En effet, Google craignait une montée en force des éditeurs de presse en Europe. Il ne voulait pas voir la fronde gagner l’ensemble du continent. Trouver un accord au plus vite était donc sa priorité. C’est pourquoi récemment un accord avait été trouvé avec la presse belge, après six ans de procédures infructueuses. Toutefois, Google ne voulait en aucun cas rentrer dans la voie de d’une taxe systématique, de type «  droit voisin », telle que demandé au départ par les éditeurs de presse. Une mesure qui aurait été impossible à mettre en place, mais qui pouvait déstabiliser le fonctionnement du célèbre moteur de recherche. Heureux, donc, qui comme Eric Schmidt s’en sort en concédant un fonds de 60 millions d’euros sur 3 ans, une modeste contribution comparée à son chiffre d’affaires en France évalué entre 1,25 et 1,4 milliard d’euros. 

La presse française devra trouver d’autres solutions pour combler ses déficits

En ce qui nous concerne, nous ne pouvons que nous réjouir de ces dispositions qui responsabilisent chacun des acteurs.
D’un côté, Google accepte désormais une nouvelle manière de « travailler ensemble 
» avec les éditeurs : le géant américain va devoir apprendre à jouer moins « perso ». D’autant que, même si pour le moment aucune des accusations d’abus de position dominante n’a abouti en Europe, Google sait que la frontière peut être vite franchie, entre la position dominante de fait et son abus. Se mettre à dos toute la presse continentale aurait pu le piéger dans une attitude qui aurait ouvert la voie à des procédures beaucoup plus risquées dans leurs conséquences financières.
De l’autre côté, la presse française devra accélérer sa mutation économique, car ce ne sont pas les aides à la transition prévues dans l’accord qui résoudront ses déficits désormais endémiques. Même si la presse trouve ici un appel d’air qui lui sera utile, elle ne trouvera en aucun cas la source de financement dont elle rêvait, pour co-financer ses coûts de création de contenus.

Ainsi, le géant de Moutain View a-t-il montré qu’il pouvait faire quelques concessions quand la fronde était trop grande, mais que ses efforts restaient à sa discrétion.
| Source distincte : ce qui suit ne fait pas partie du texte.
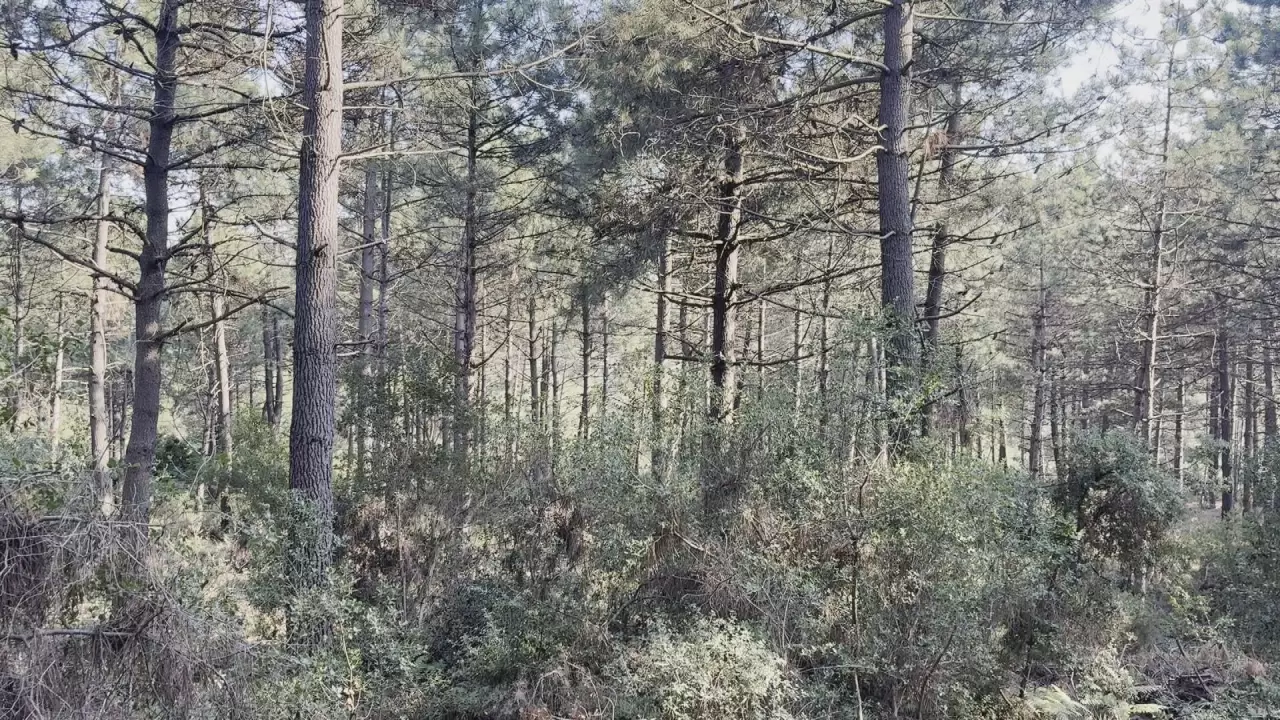 Kağıthane'deki vahşette kan donduran itiraf 12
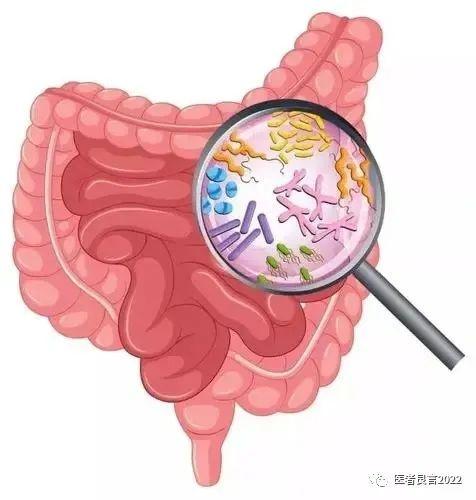 经常放屁是肝不好还是胃不好？屁多、屁臭多和这4个原因有关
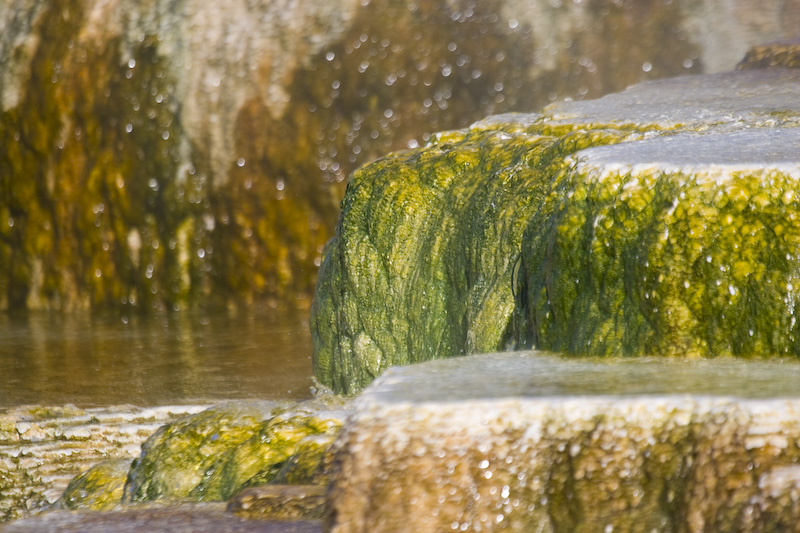 Detail Of New Blue Spring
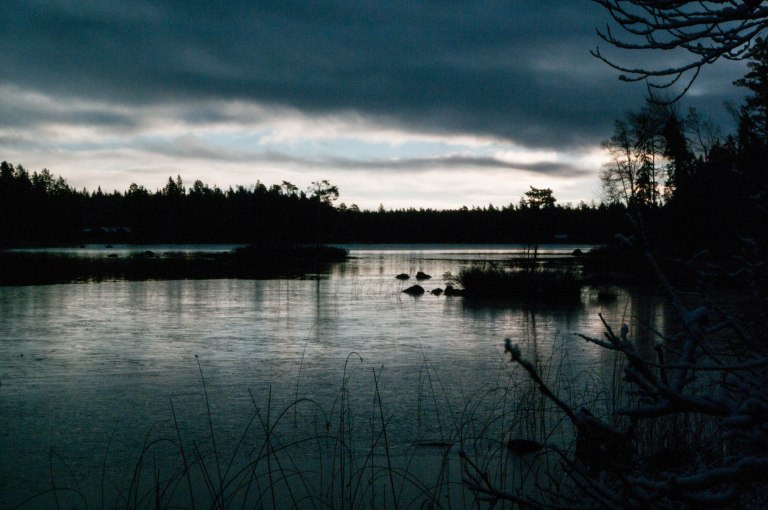 antligen-en-bla-strimma-1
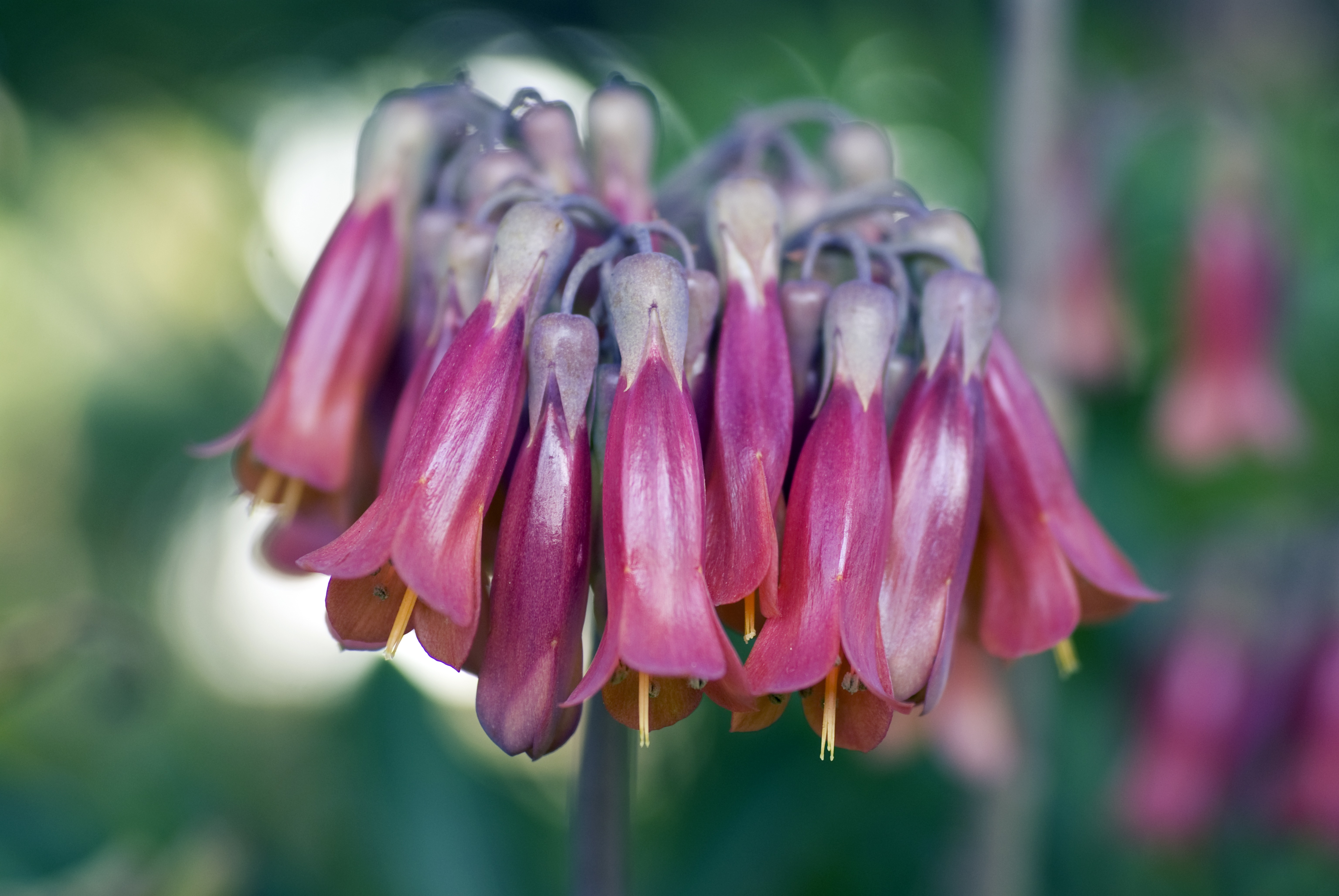 Wallpapers nature flower plant on the desktop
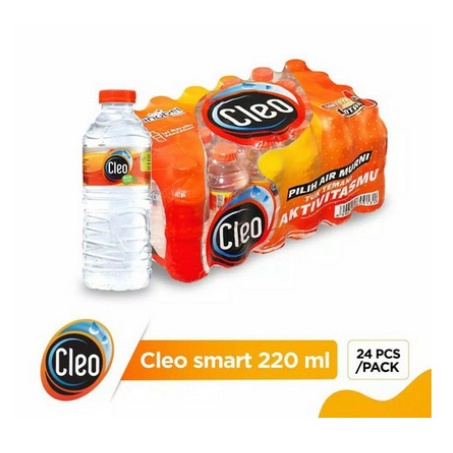 

CLEO Air Mineral 220ml / 24 Botol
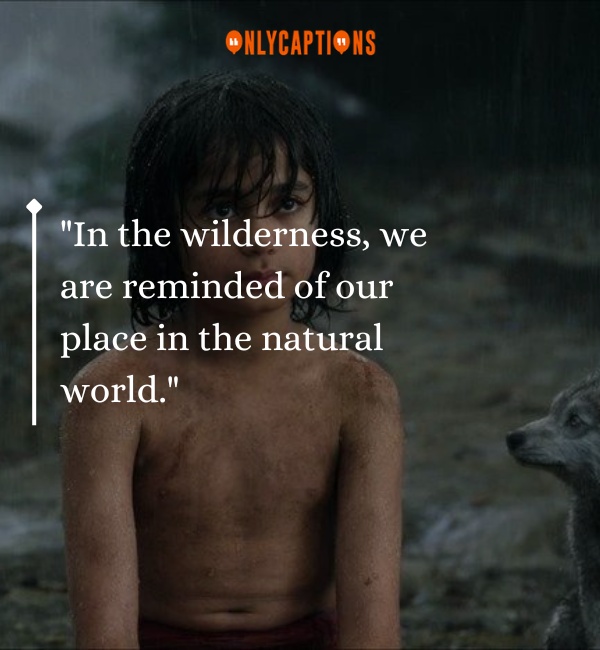 Quotes From Jungle Movie-OnlyCaptions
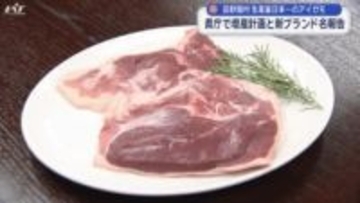 生産量日本一　田野畑村のアイガモ　県庁で増産計画と新ブランド名報告【岩手・盛岡市】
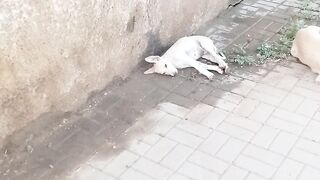 Very funny dogs video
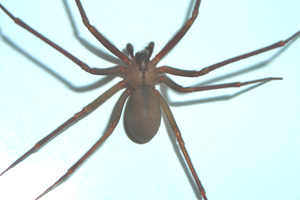 Brown recluse spider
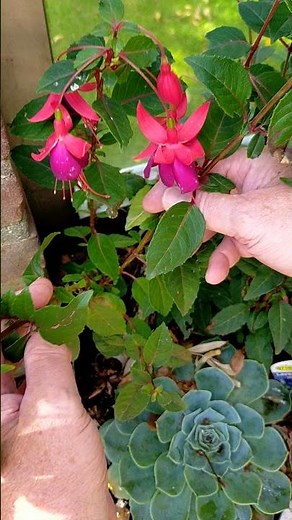 Fuchsia planten stekken vermeerderen snoeischaar plaatsen in volle grond augustus september tuin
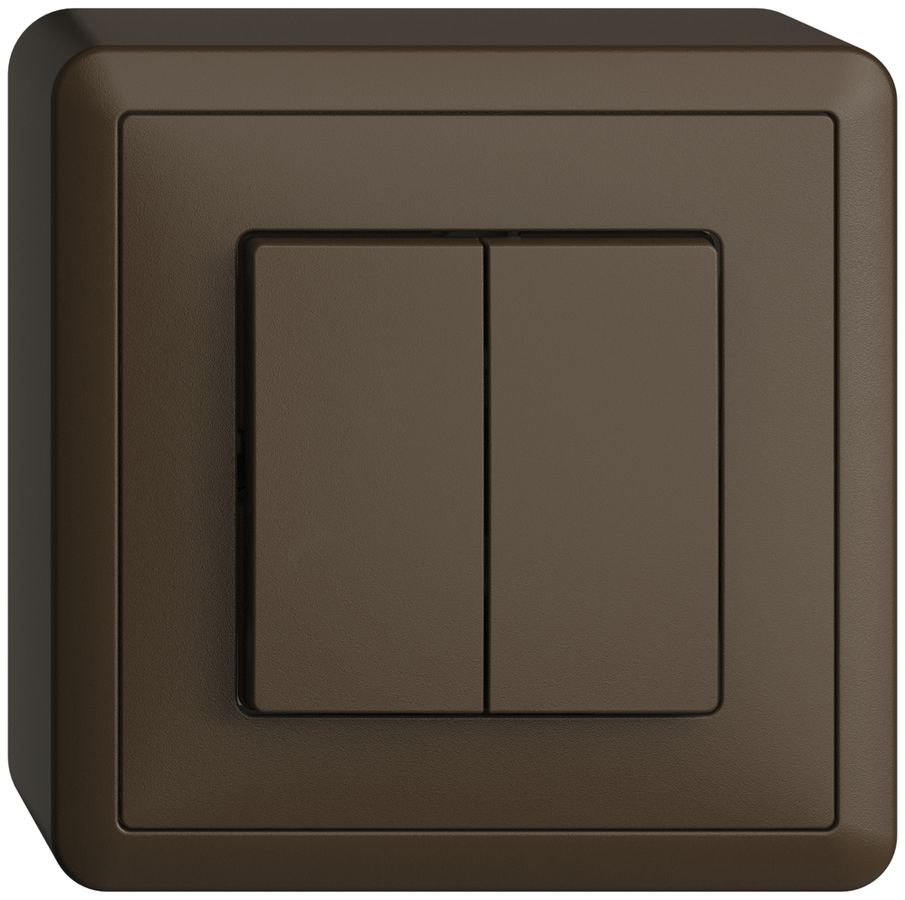 AP-Taster EDIZIOdue 2×A-R/1P coffee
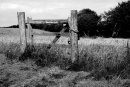 Why by Christine Marshall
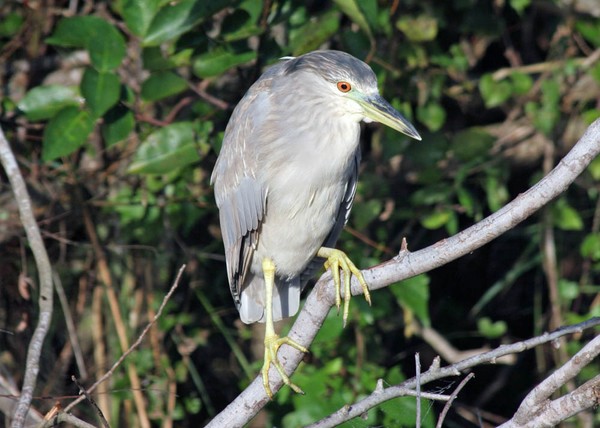Black Crowned Night Heron-Immature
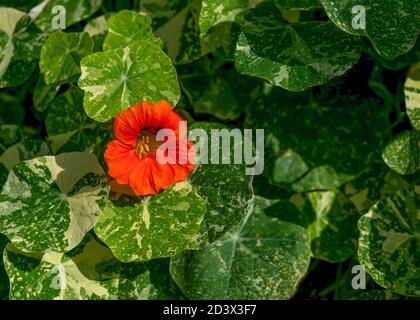 splendida pianta di nasturzio con fiore rosso arancio brillante su a. summers day shot per spazio di copia o sovrapposizione di testo su sfondo verde frondoso Foto Stock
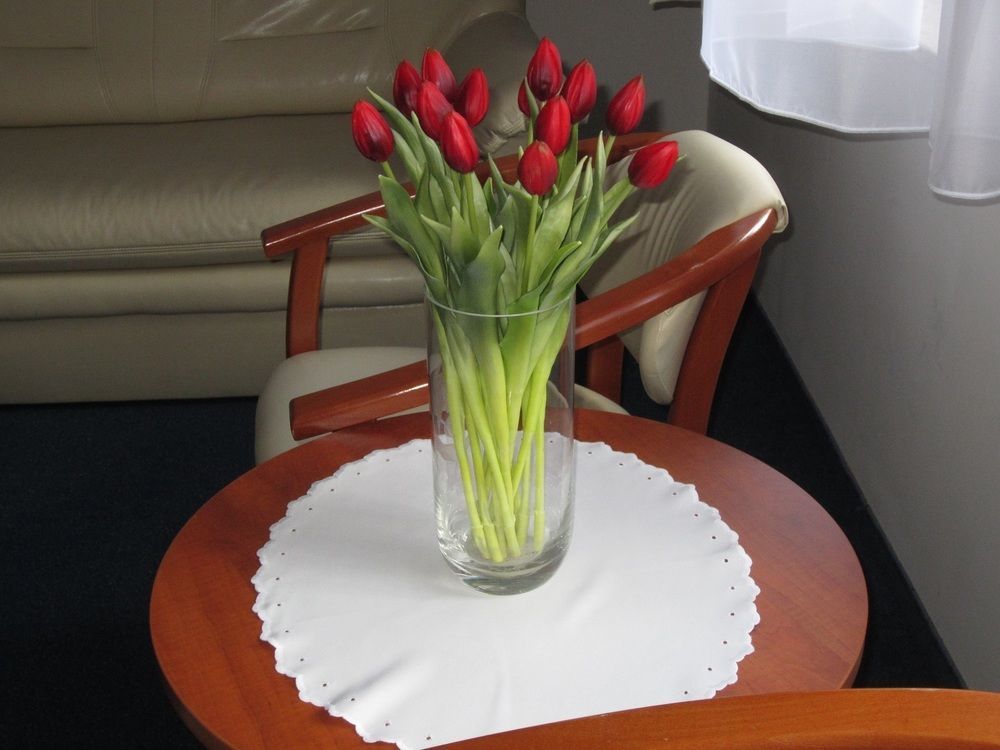 Hotel Jaworzyna Krynicka Krynica Zdroj Ngoại thất bức ảnh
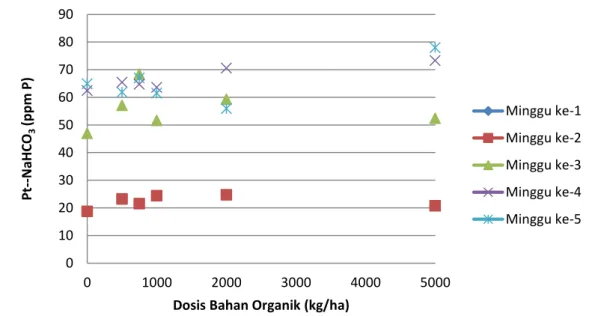 Gambar 8  Pengaruh  Bahan  Organik  terhadap  Rataan  Konsentrasi  ppm  Pt- Pt-NaHCO 301020304050600 1000 2000 3000 4000 5000 6000Pt-NaHCO3 (ppm P)
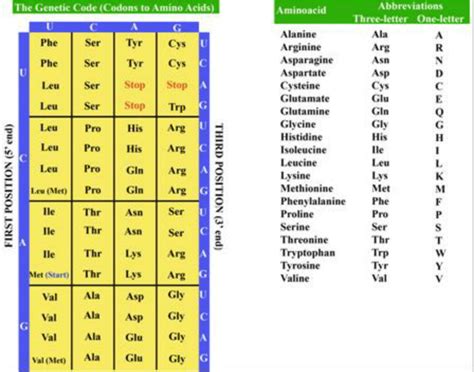 Amino Acids Codons List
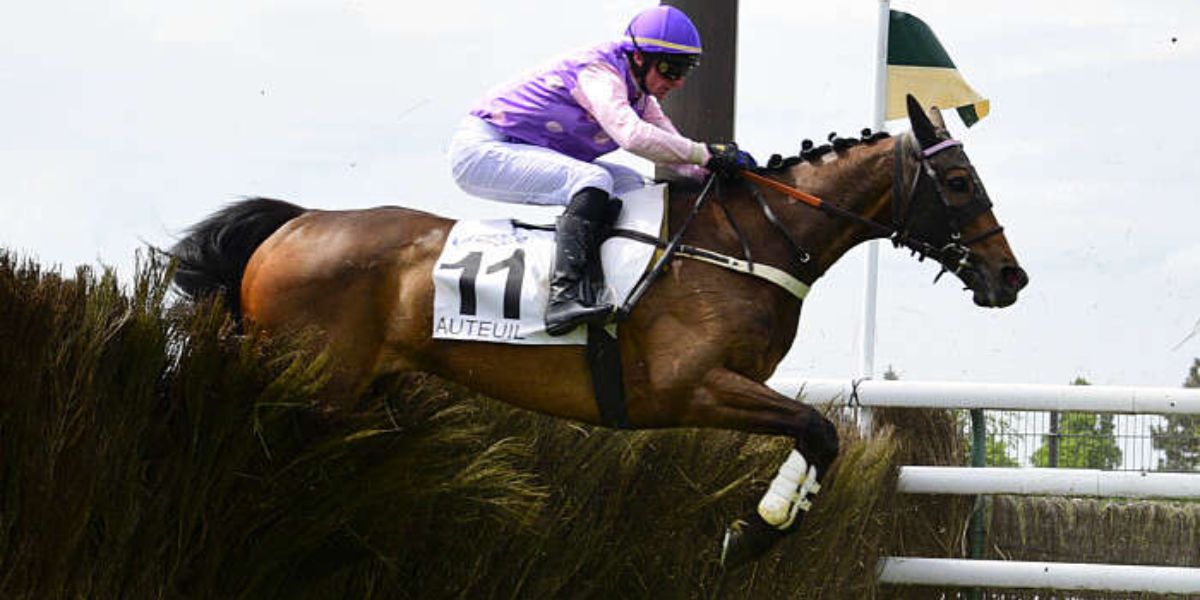 Quinté du samedi 30 mai 2026 à Auteuil: les pronostics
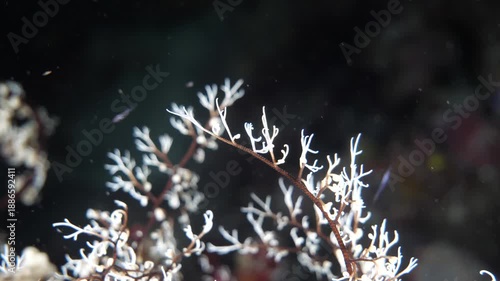 Arms of a basket star reach outward during night activity in the Banda Sea, Maluku, Indonesia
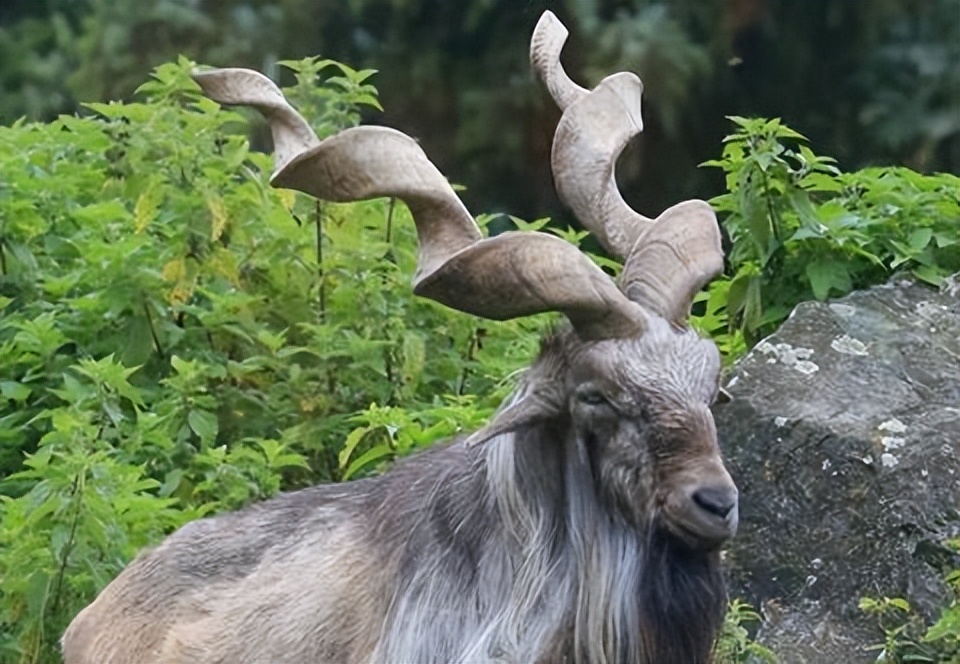 巴基斯坦冷知识10则,巴基斯坦冷知识知乎
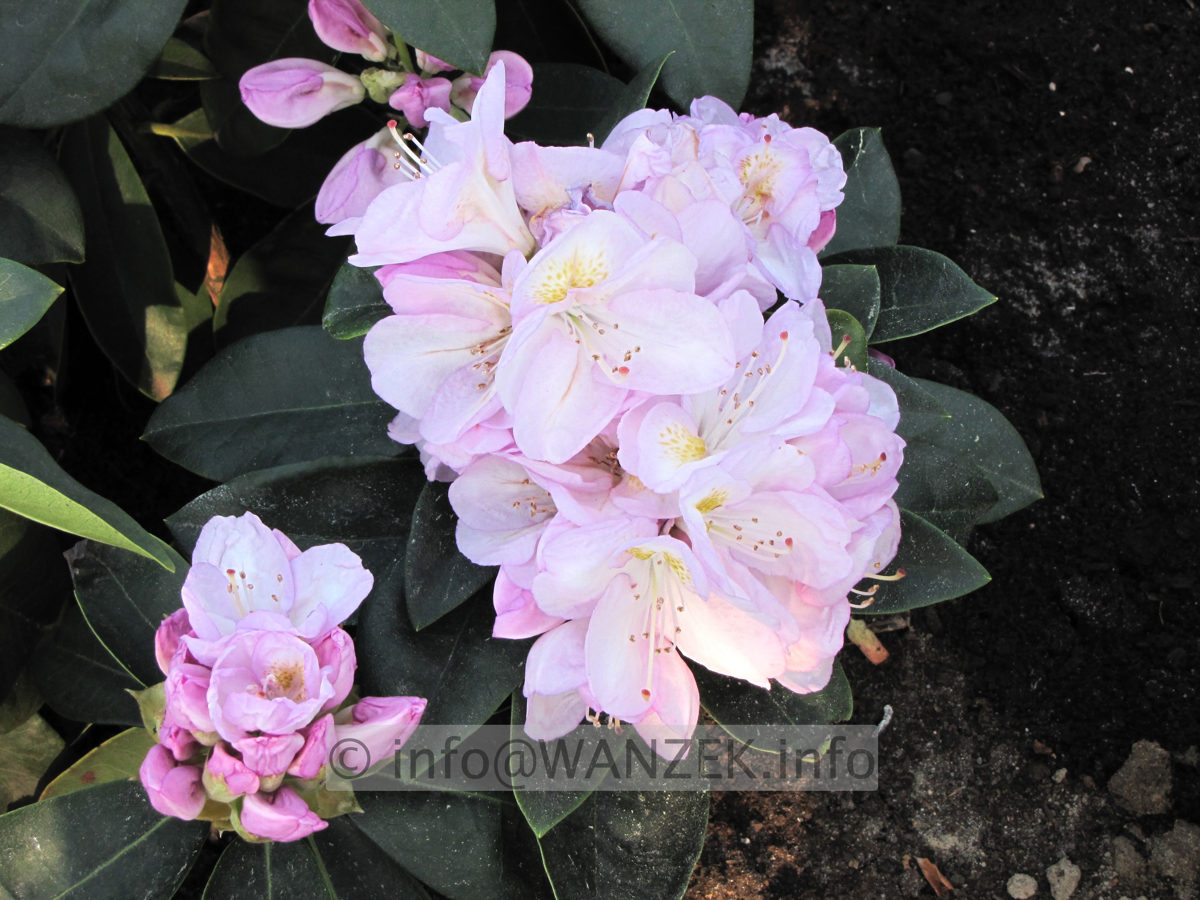 Rhododendron Gomer Waterer 03.JPG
Google n’est pas prêt d’ouvrir la porte de ses systèmes algoritmiques, étape technique nécessaire en cas de péage à la consulation de contenu. Google reste donc plus que jamais opaque et intouchable. Même si pour conserver le secret de sa machine interne, il doit apprendre désormais à composer avec les éditeurs de contenus d’information. Une contrainte en effet historique, car jusqu’alors, Google avait toujours privilégié une position unilatérale avec la presse, au risque de provoquer la rupture en brandissant l’arme du déréférencement.

La vidéo postée par l’Elysée sur la Conférence suivant la signature de l’accord entre Google et les éditeurs de presse

 

>Annexe : la déclaration postée par Eric Schmidt sur le blog de Google

Google creates €60m Digital Publishing Innovation Fund to support transformative French digital publishing initiatives

Google has worked with news publishers around the globe for years to help them make the most of the web. Our search engine generates billions of clicks each month, and our advertising solutions (in which we have invested billions of dollars) help them make money from that traffic. And last year, we launched Google Play, which offers new opportunities for publishers to make money—including through paid subscriptions. A healthy news industry is important for Google and our partners, and it is essential to a free society. 

Today I announced with President Hollande of France two new initiatives to help stimulate innovation and increase revenues for French publishers. First, Google has agreed to create a €60 million Digital Publishing Innovation Fund to help support transformative digital publishing initiatives for French readers. Second, Google will deepen our partnership with French publishers to help increase their online revenues using our advertising technology. 

This exciting announcement builds on the commitments we made in 2011 to increase our investment in France—including our Cultural Institute in Paris to help preserve amazing cultural treasures such as the Dead Sea Scrolls. These agreements show that through business and technology partnerships we can help stimulate digital innovation for the benefit of consumers, our partners and the wider web.